I thank the Lord again that I got this job.

Am I overreacting?

Sunday, August 22, 2010

Celebrating a song I like

I've complained about songs that are theologically irritating to me, so I figured I should praise songs that I find to be theologically excellent.

"No Matter What" by Kerrie Roberts is a great song. It emphasizes something that's important but maybe not emphasized enough. It's best encapsulated by a quote from the chorus.

"I know You can find a way to keep me from the pain,
but if not
I’ll trust you
no matter what."

Amen, sister.

I feel like our prayers are often a tad anemic. Or maybe "incomplete" is a better word. We pray that God will take away the trial, the pain, the difficult or unfair circumstance or situation. And we get angry when He doesn't, as if it's His job to make our lives comfortable and easy.  What kind of love is that?

"Naked I came from my mother's womb, 
and naked I shall return. 
The Lord gave; 
the Lord has taken away. 
Blessed be the name of the Lord." 

(That's from Job, but I remember it because it's from a song by Brent Bourgeois.)

People talk about trusting in the promises of God.  When they said it to me as I was going through a rather long and drawn-out trial, they said it in a way that indicated that the promises of God were for ease and comfort (which they aren't).  And this song really talks about why.

So much of the song is quotable that I just advise you to read all the lyrics.  But I can't resist one more bit.

"Anything I don’t have
You can give it to me,
but it’s OK if You don’t.
I’m not here for those things . . ."

Again, amen. So take a listen, and think about the words and maybe pray them. There's a lot of truth here. I'm so glad God made music.

Friday, August 13, 2010

Down with Rings?

I was moving things around while lamenting to a friend about the fact that men fall in love with me when I allow myself to be friendly and interesting and social. I was a bit worried about what would happen at work since there were no doubt going to be men there, and I couldn't be my preferred, withdrawn, discouraging-to-men self since I had to start building a corporate persona and networking and generally being sociable.
As I tried in vain to move something on an awkward shelf, my friend asked seriously, "You know what you need?"

"A cabana boy to move things around for me?"

"No. He'd just fall in love with you."

(There followed a time of laughter and snorting.)
She had some good suggestions for t-shirts to wear all the time. "Jesus is my boyfriend, and the world is my nunnery," was my personal favorite variation. 

After we were done getting goofy, she ended up suggesting that I wear a fake wedding ring.
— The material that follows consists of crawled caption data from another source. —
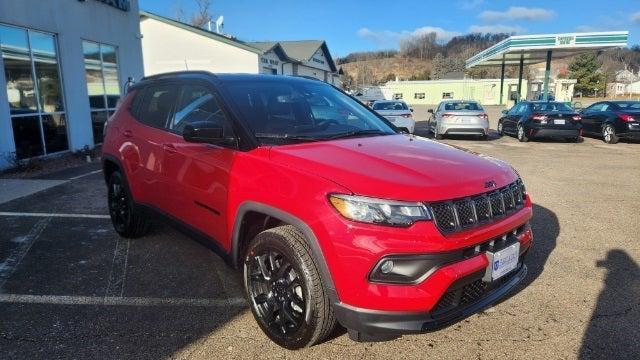 new 2024 Jeep Compass car, priced at $35,900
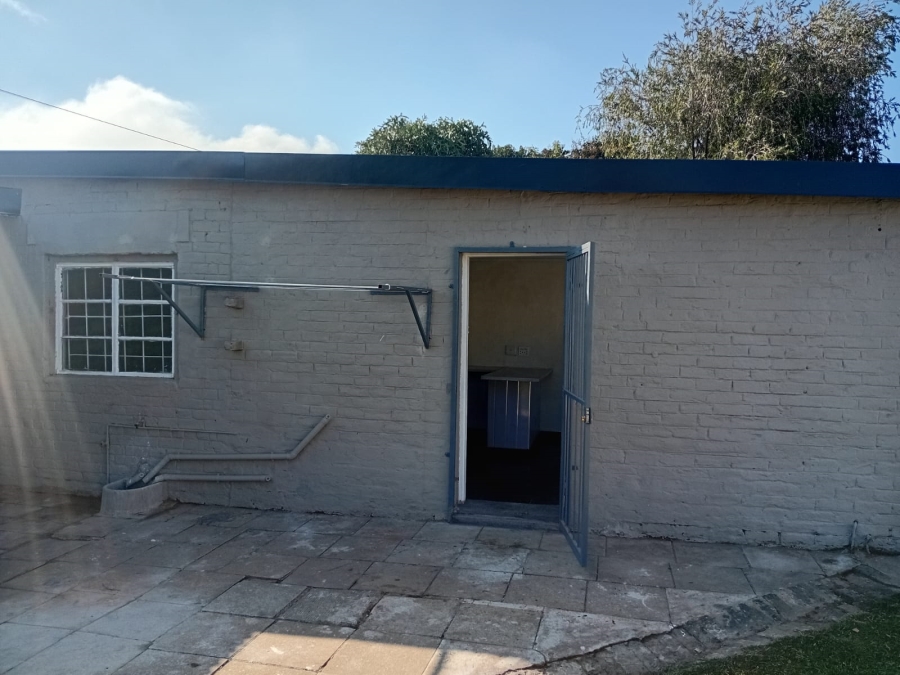 To Let 4 Bedroom Property for Rent in Lewisham Gauteng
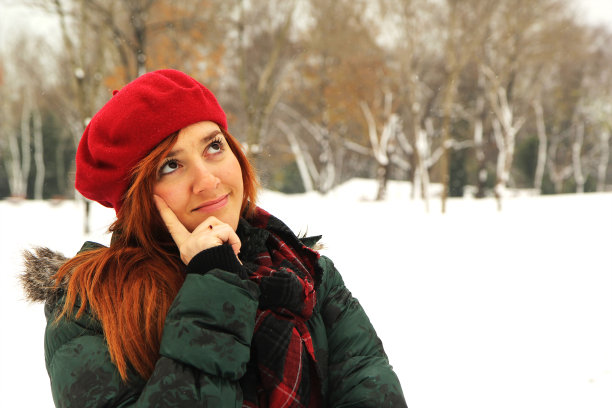 年轻女人有个好主意图片下载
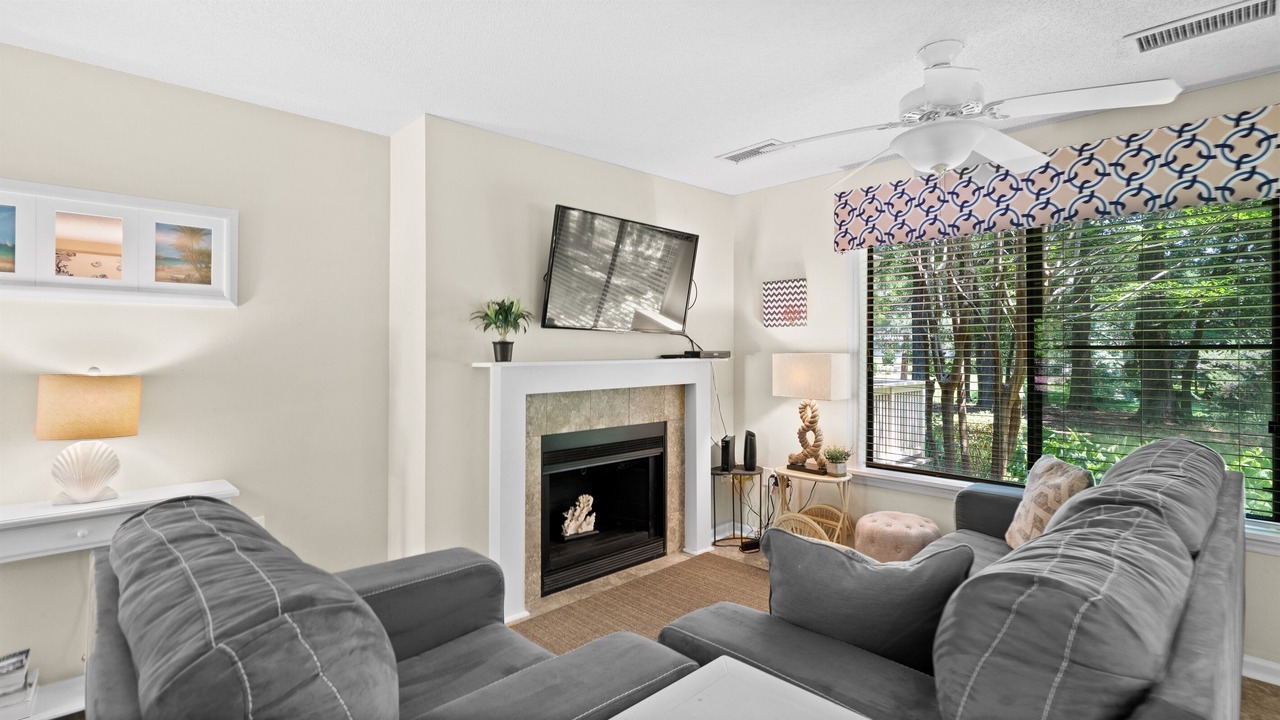 Photo of Livingroom in Arcadian Shores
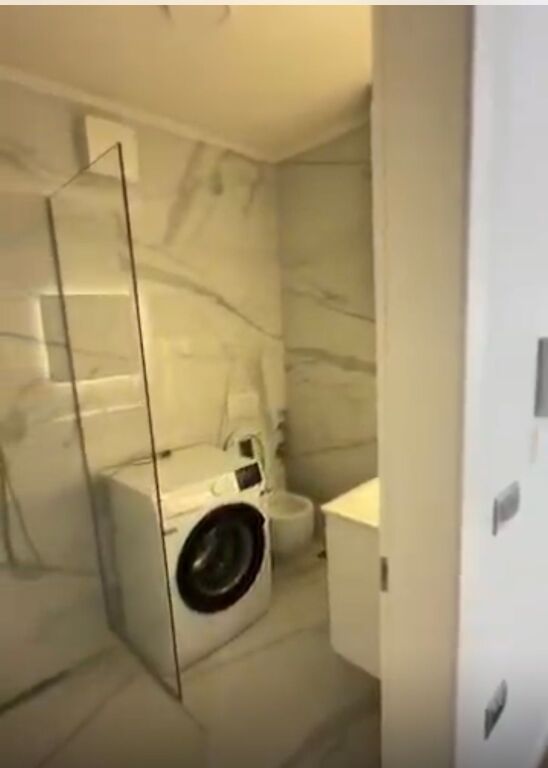 Appartamento 2+1+2+parcheggio presso la Filiale del Tesoro, Via Elbasan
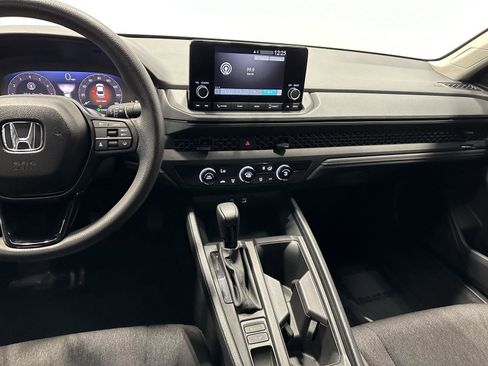 Certified 2025 Honda Accord LX image 20
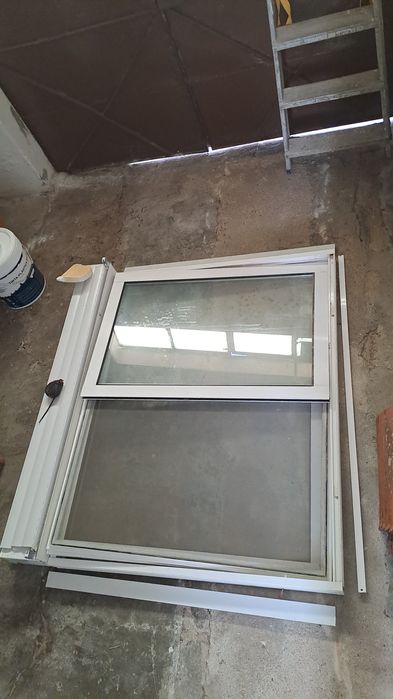 Janela de aluminio com estore e rede mosqueira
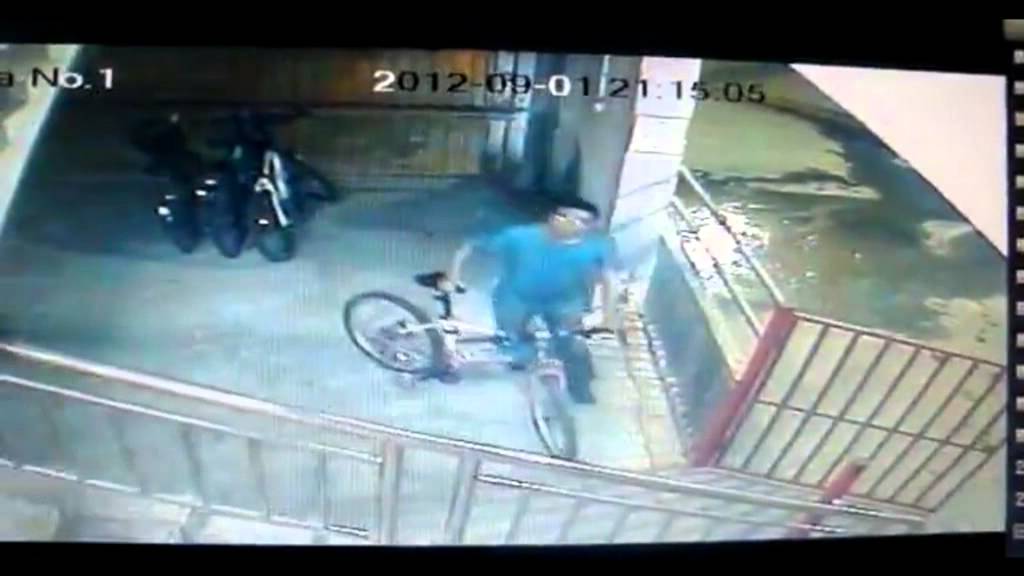 Ladrão tenta roubar bicicleta e leva carga de porrada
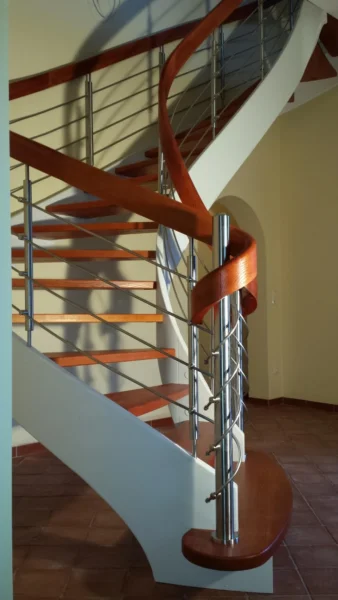 Detail des gebogenen Holzhandlaufs und der Edelstahlgeländerstäbe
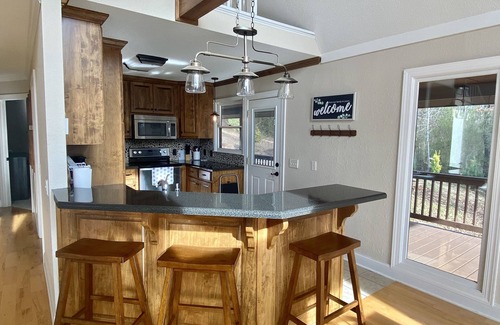 Lenoir House | Elegant view at Longwood Cabin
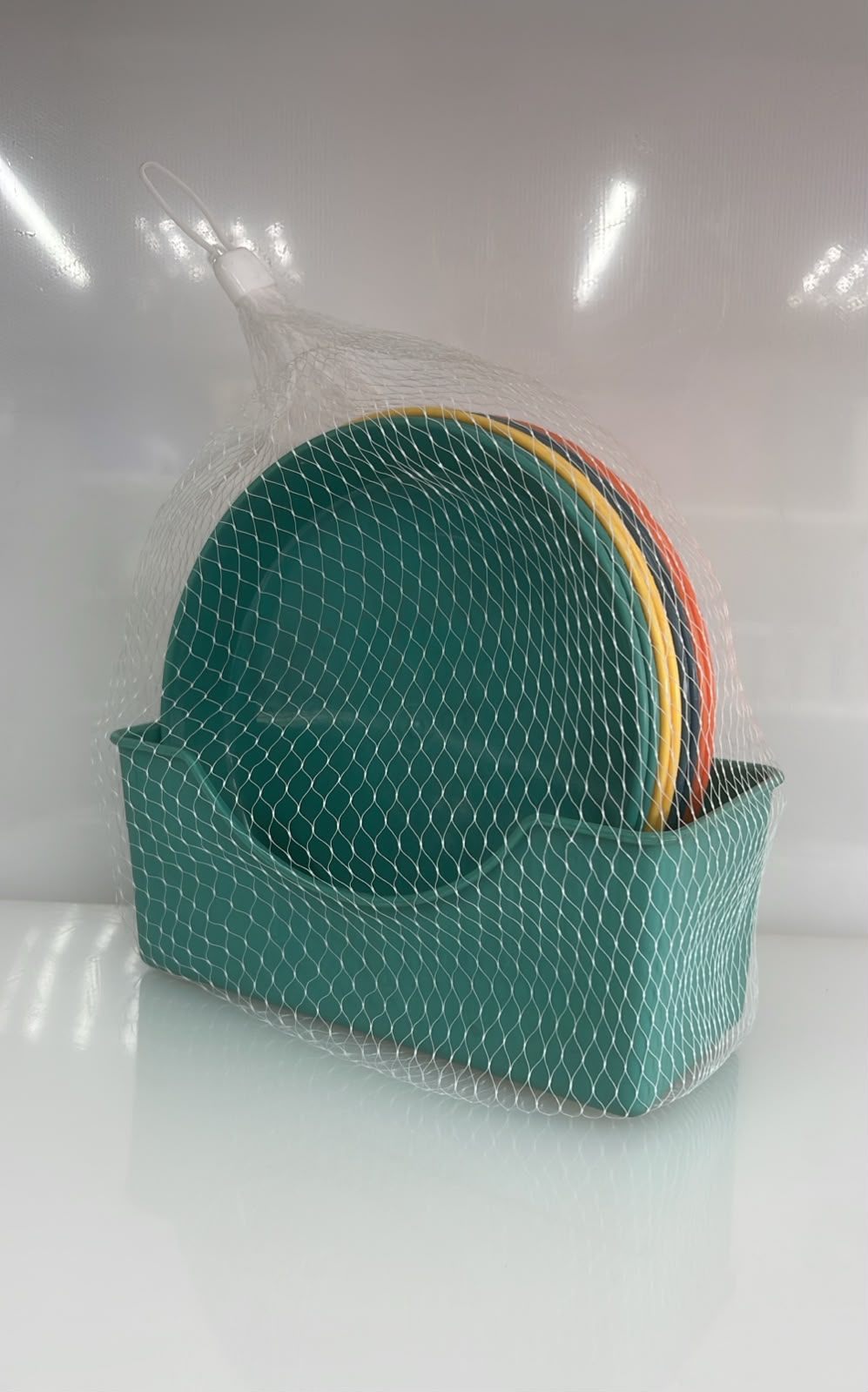 SET DE PLATOS DE PLASTICO INCLUYE 8 UNIDADES 15X2 CM CON BASE 16X7 CM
Setting aside that I really have no rings and that I don't actually know which hand you wear a wedding ring on (since it seems most of the rest of the world does know that one, and it would be easy to find out), I was kind of intrigued by the idea.
  • It would definitely be less offensive (in a driving the sharks away sort of manner) than introducing myself by name and saying, "I'm happily celibate for life, so please don't fall in love with me ever."
  • It would meet corporate dress code better than the novelty shirt.
  • It would make a clear statement to every decent person who knows what hand a wedding ring is on that I am not available for relationships.

There are a lot of perks, honestly. But that's the rub: honesty. Isn't it a lie to wear a ring that says, "I am married to someone" when you're not and never plan to be?

Technically, it's not a lie; it's just jewelry. But it feels dishonest.

If I made sure to tell anyone who asked about it, "No, I'm not married. I'm just not interested in a relationship," I wonder if my conscience would be assuaged.  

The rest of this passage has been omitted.